Sanhourie e Aweidat sottolineano che i media occidentali omettono di mostrare lo squilibrio di potere tra l’equipaggiatissimo esercito israeliano che attacca un piccolo gruppo di giovani che spendono i pochi soldi che hanno per comprarsi le armi.
“È così che giustificano le uccisioni e gli attacchi quando in realtà hanno trasformato le nostre case in zona di guerra”, dice Sanhourie.
“Usano contro di noi bulldozer, razzi, aerei da combattimento, droni e un grande dispiego di soldati armati “.
Misure punitive
Oltre all’incremento di violenza militare nel campo Israele decreta regolarmente misure punitive contro i civili, come la revoca dei permessi di lavoro ai residenti del campo.
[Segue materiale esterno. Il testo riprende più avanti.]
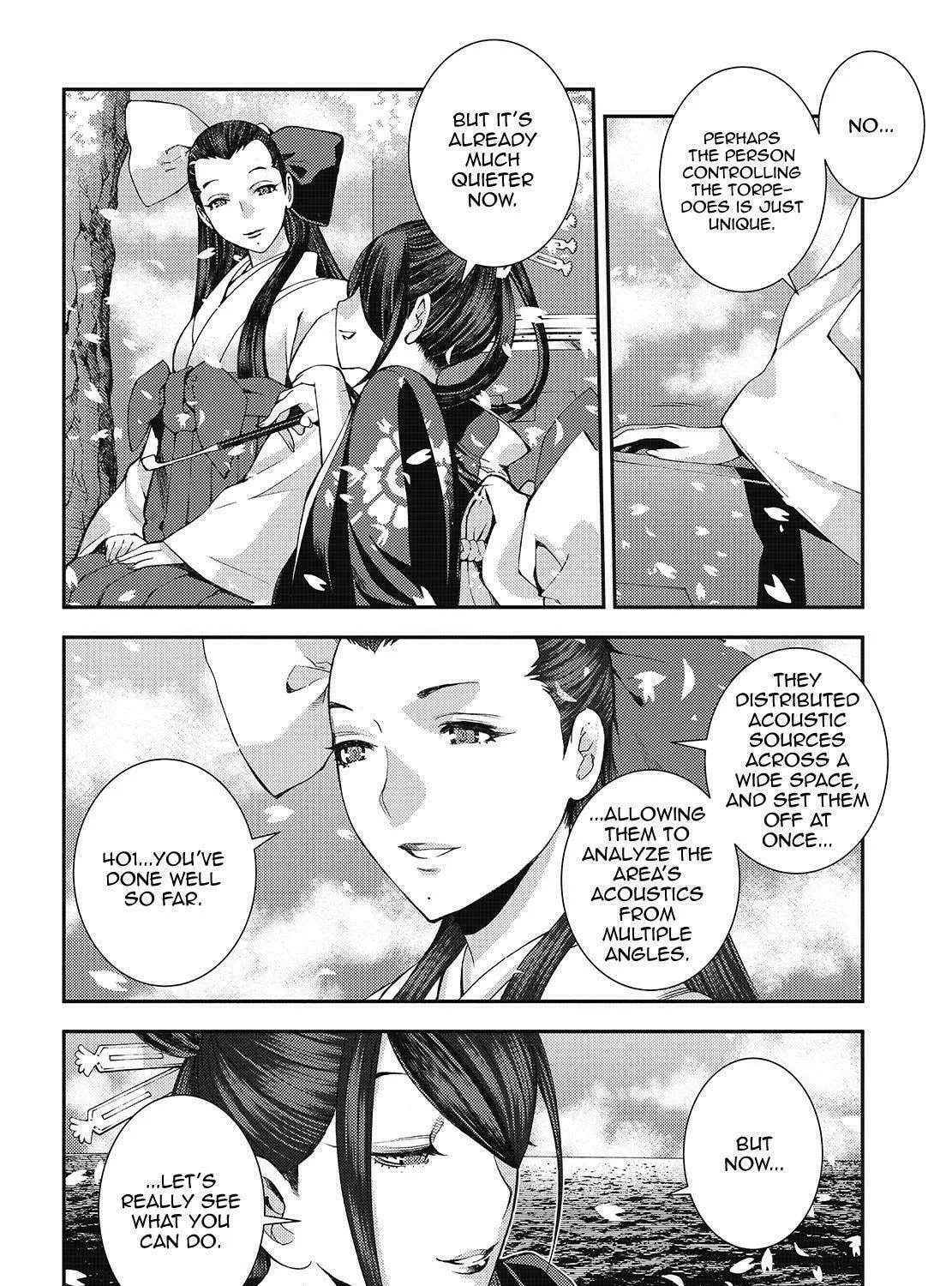 Arpeggio of Blue Steel Chapter 118 page 31 - 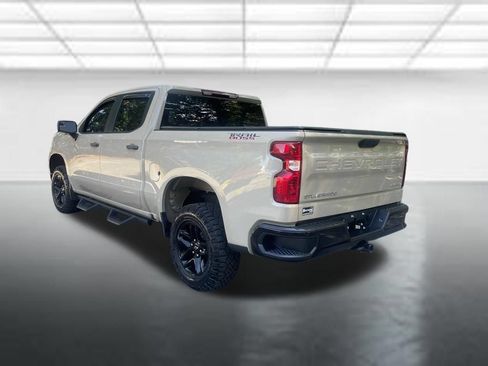 Used 2023 Chevrolet Silverado 1500 Custom Trail Boss AWD/4WD image 3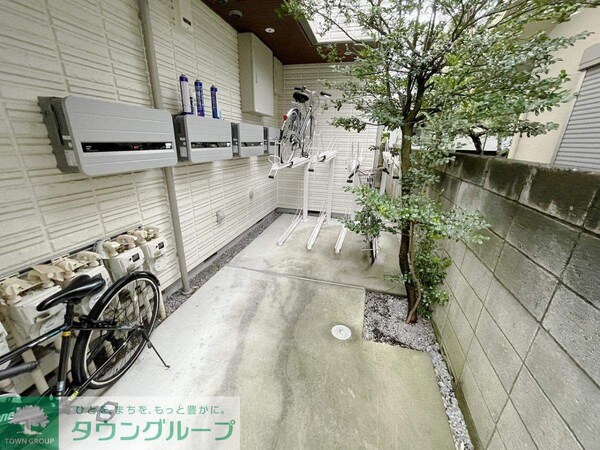 共有部分(★駐輪場★)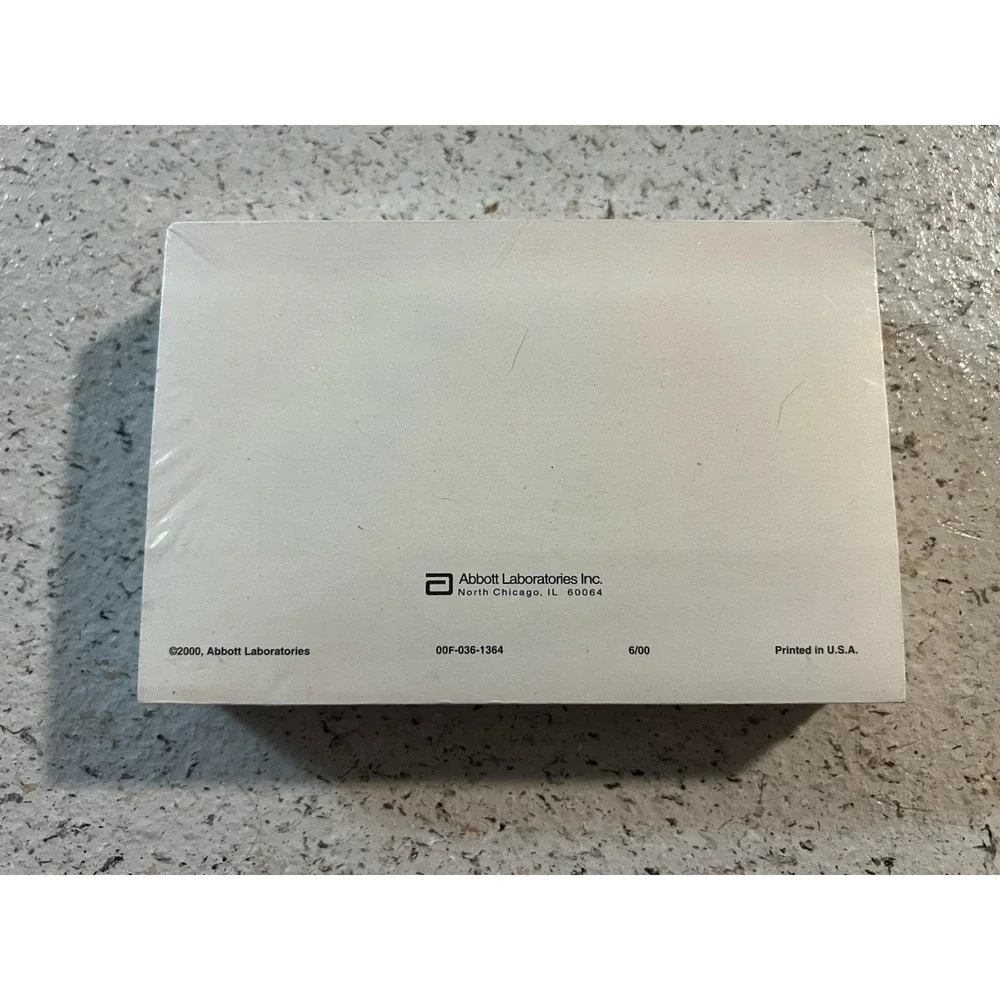 Vintage Sealed Kaletra Lopinavir/Ritonavir Pharmaceutical Promo Notepad Abbott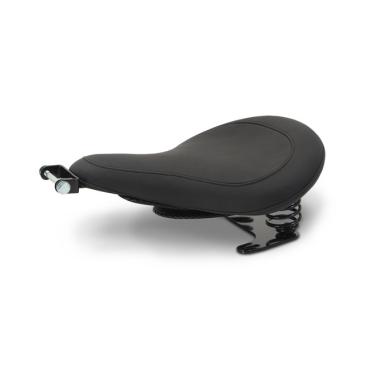 Mustang, Spring solo seat kit Bobber Sitz mit Platte Sitzplatte für Harley Davidson  06-17 Dyna
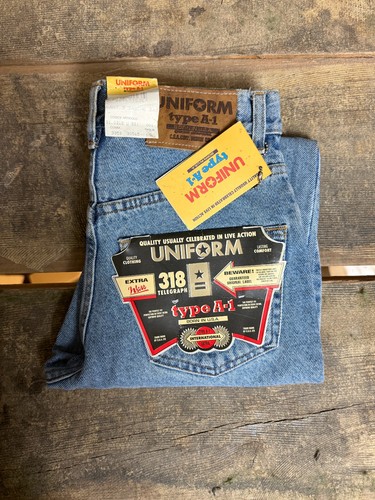 Jeans uniform deadstock - jeans,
“Chiunque abbia un parente che sia stato ucciso o messo in prigione viene punito”, dice Sanhourie.
“Ci stanno punendo tutti, il che sta affossando la nostra economia”, aggiunge l’attivista, sostenendo che Israele vuole suscitare nella comunità del risentimento verso coloro che resistono.
Tuttavia ad Aqbat Jabr sta ottenendo l’effetto opposto, poiché tutti nel campo sono consci che “Insieme restiamo forti, in sintonia “.
La politica delle punizioni collettive è estesa anche a Gerico, popolare meta turistica attraversata dai viaggiatori in visita in Cisgiordania.
Quest’anno le forze israeliane hanno messo Gerico sotto assedio due volte per settimane, sottraendo al settore del turismo decine di milioni di dollari secondo le stime ufficiali palestinesi.
La situazione nel campo profughi di Aqbat Jabr non è unica.
Le forze israeliane prendono sempre più di mira i campi profughi in tutta la Cisgiordania occupata, come si è visto nel campo profughi di Jenin, nel campo profughi di Nur Shams a Tulkarem e nel campo profughi di Shuafat a Gerusalemme.
Ma mentre i raid diventano sempre più letali e intensi sembrano emergere sempre più gruppi armati, che sfidano l’occupazione israeliana e probabilmente affronteranno ulteriori violenze da parte dei militari.